Asymptotics-Based p-values of the SPU and aSPU Tests

Description

Calculates p-values of the sum-of-powers (SPU) and adaptive SPU (aSPU) tests based on the asymptotic distributions of the test statistics (Xu et al, 2016).

Usage

apval_aSPU(sam1, sam2, pow = c(1:6, Inf), eq.cov = TRUE, cov.est,
           cov1.est, cov2.est, bandwidth, bandwidth1, bandwidth2,
           cv.fold = 5, norm = "F")

Arguments

`sam1`	an n1 by p matrix from sample population 1. Each row represents a `p`-dimensional sample.
`sam2`	an n2 by p matrix from sample population 2. Each row represents a `p`-dimensional sample.
`pow`	a numeric vector indicating the candidate powers `\gamma` in the SPU tests. It should contain `Inf` and both odd and even integers. The default is `c(1:6, Inf)`.
`eq.cov`	a logical value. The default is `TRUE`, indicating that the two sample populations have same covariance; otherwise, the covariances are assumed to be different.
`cov.est`	a consistent estimate of the common covariance matrix when `eq.cov` is `TRUE`. This can be obtained from various apporoaches (e.g., banding, tapering, and thresholding; see Pourahmadi 2013). If not specified, this function uses a banding approach proposed by Bickel and Levina (2008) to estimate the covariance matrix.
`cov1.est`	a consistent estimate of the covariance matrix of sample population 1 when `eq.cov` is `FALSE`. It is similar with the argument `cov.est`.
`cov2.est`	a consistent estimate of the covariance matrix of sample population 2 when `eq.cov` is `FALSE`. It is similar with the argument `cov.est`.
`bandwidth`	a vector of nonnegative integers indicating the candidate bandwidths to be used in the banding approach (Bickel and Levina, 2008) for estimating the common covariance when `eq.cov` is `TRUE`. This argument is effective only if `cov.est` is not provided. The default is a vector containing 50 candidate bandwidths chosen from {0, 1, 2, ..., p}.
`bandwidth1`	similar with the argument `bandwidth`; it is used to specify candidate bandwidths for estimating the covariance of sample population 1 when `eq.cov` is `FALSE`.
`bandwidth2`	similar with the argument `bandwidth`; it is used to specify candidate bandwidths for estimating the covariance of sample population 2 when `eq.cov` is `FALSE`.
`cv.fold`	an integer greater than or equal to 2 indicating the fold of cross-validation. The default is 5. See page 211 in Bickel and Levina (2008).
`norm`	a character string indicating the type of matrix norm for the calculation of risk function in cross-validation. This argument will be passed to the `norm` function. The default is the Frobenius norm (`"F"`).

Details

Suppose that the two groups of p-dimensional independent and identically distributed samples \{X_{1i}\}_{i=1}^{n_1} and \{X_{2j}\}_{j=1}^{n_2} are observed; we consider high-dimensional data with p \gg n := n_1 + n_2 - 2. Assume that the covariances of the two sample populations are \Sigma_1 = (\sigma_{1, ij}) and \Sigma_2 = (\sigma_{2, ij}). The primary object is to test H_{0}: \mu_1 = \mu_2 versus H_{A}: \mu_1 \neq \mu_2. Let \bar{X}_{k} be the sample mean for group k = 1, 2. For a vector v, we denote v^{(i)} as its ith element.

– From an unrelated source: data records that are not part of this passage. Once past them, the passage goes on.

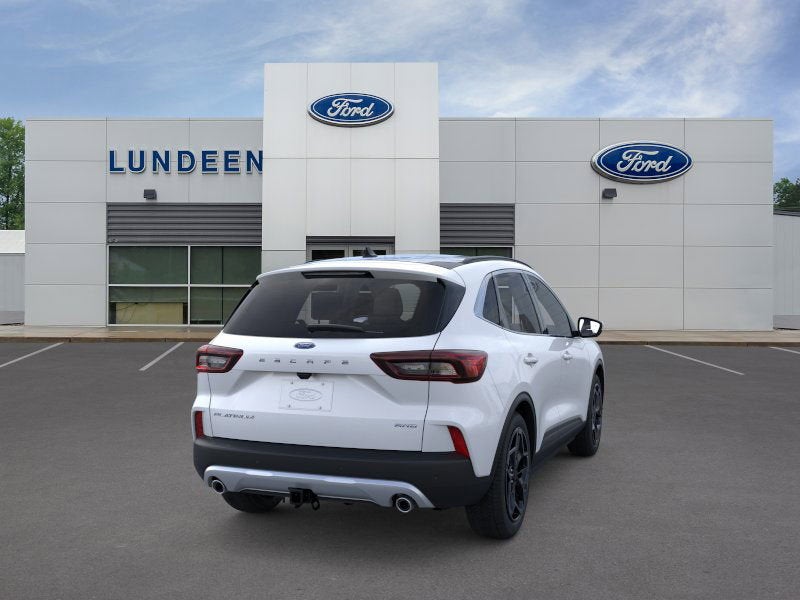 2026 Ford Escape Platinum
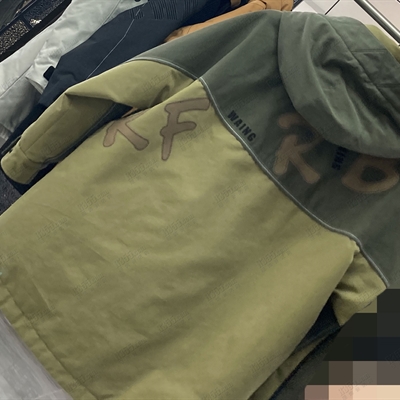 市场上装-棉衣/羽绒服-休闲棉服【实拍】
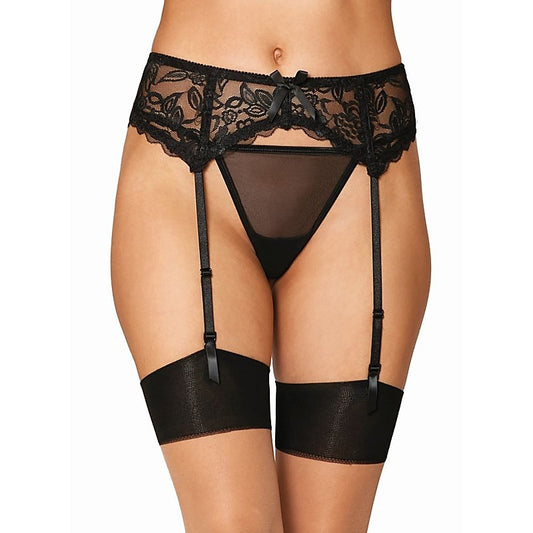 Dreamgirl Lace Garter Belt Hosiery by Dream Girl Lingerie - Hosiery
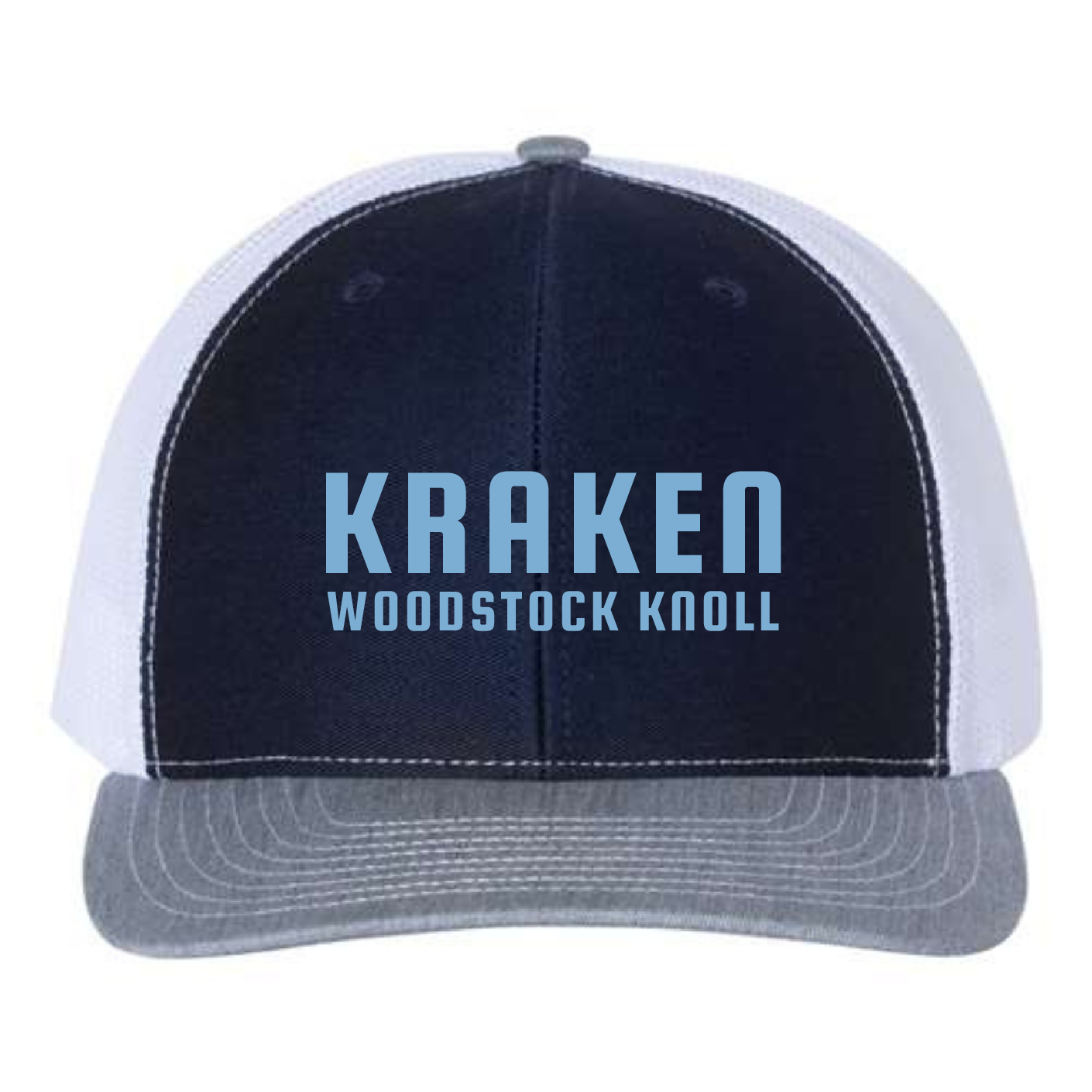 Richardson 112 Snap Back (Customized) - Woodstock Knoll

For any 1 \le \gamma < \infty, the sum-of-powers (SPU) test statistic is defined as:

L(\gamma) = \sum_{i = 1}^{p} (\bar{X}_1^{(i)} - \bar{X}_2^{(i)})^\gamma.

For \gamma = \infty,

L (\infty) = \max_{i = 1, \ldots, p} (\bar{X}_1^{(i)} - \bar{X}_2^{(i)})^2/(\sigma_{1,ii}/n_1 + \sigma_{2,ii}/n_2).

The adaptive SPU (aSPU) test combines the SPU tests and improve the test power:

T_{aSPU} = \min_{\gamma \in \Gamma} P_{SPU(\gamma)},

where P_{SPU(\gamma)} is the p-value of SPU(\gamma) test, and \Gamma is a candidate set of \gamma's. Note that T_{aSPU} is no longer a genuine p-value. The asymptotic properties of the SPU and aSPU tests are studied in Xu et al (2016).

Value

A list including the following elements:

`sam.info`	the basic information about the two groups of samples, including the samples sizes and dimension.
`pow`	the powers `\gamma` used for the SPU tests.
`opt.bw`	the optimal bandwidth determined by the cross-validation when `eq.cov` was `TRUE` and `cov.est` was not specified.
`opt.bw1`	the optimal bandwidth determined by the cross-validation when `eq.cov` was `FALSE` and `cov1.est` was not specified.
`opt.bw2`	the optimal bandwidth determined by the cross-validation when `eq.cov` was `FALSE` and `cov2.est` was not specified.
`spu.stat`	the observed SPU test statistics.
`spu.e`	the asymptotic means of SPU test statistics with finite `\gamma` under the null hypothesis.
`spu.var`	the asymptotic variances of SPU test statistics with finite `\gamma` under the null hypothesis.
`spu.corr.odd`	the asymptotic correlations between SPU test statistics with odd `\gamma`.
`spu.corr.even`	the asymptotic correlations between SPU test statistics with even `\gamma`.
`cov.assumption`	the equality assumption on the covariances of the two sample populations; this was specified by the argument `eq.cov`.
`method`	this output reminds users that the p-values are obtained using the asymptotic distributions of test statistics.
`pval`	the p-values of the SPU tests and the aSPU test.

References

Bickel PJ and Levina E (2008). "Regularized estimation of large covariance matrices." The Annals of Statistics, 36(1), 199–227.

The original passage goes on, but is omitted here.